Photo by Blaine Schultz
Tired Eyes at Cactus Club
Sometimes a ceremony requires poisonous snakes, incense or colored sand. Friday at Cactus Club, Tired Eyes used a pair of old Gretsch guitars, volume and Neil Young deep cuts to set the mood. Who knows if this project continues beyond a few select shows? If you were there you won the lottery and saw Halley’s Comet on the same evening.
After Young scored a big hit in 1972 with the song “Heart of Gold” he grew disillusioned and headed away from the mainstream. The string of albums known as the Ditch Trilogy was emblematic of the dark, brooding, soulful music he conjured. It was these albums that informed Tired Eyes set.

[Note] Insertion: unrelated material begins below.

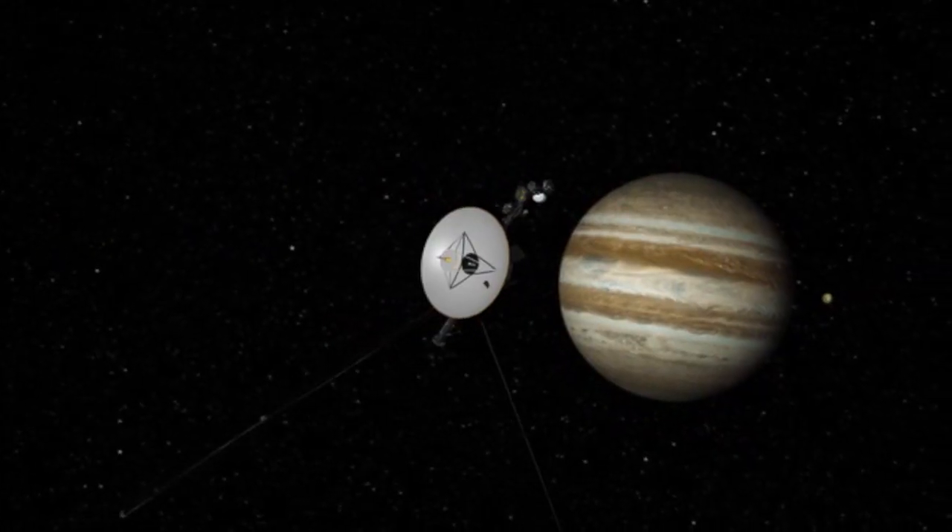The Voyager mission is one of the most famous and historic missions that NASA has ever flown. It was originally conceived as what was called the Grand Tour to fly by the outer planets: Jupiter, Saturn, Uranus, and Neptune.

Comprised of Rich Mattson (Ol’ Yeller/Northstars), Alan Sparhawk (Low/Black Eyed Snakes), Glen Mattson (Glenrustles), and Kraig Johnson (Run Rusty Run/Jayhawks/Golden Smog), the band takes its name from a song on Young’s album Tonight’s the Night.
To be fair, this wasn’t a cover band or a tribute act. It was the basic ingredients of Young and Crazy Horse in a packed, sweaty club. It was the sound of entropy unfolding in real time then folding back on itself. This was four grown up dirtballs, jamming in a garage—who took the primal ingredients of some of Young’s best raw and heartfelt songs and refracted them into something similar to the originals—but definitely not the same.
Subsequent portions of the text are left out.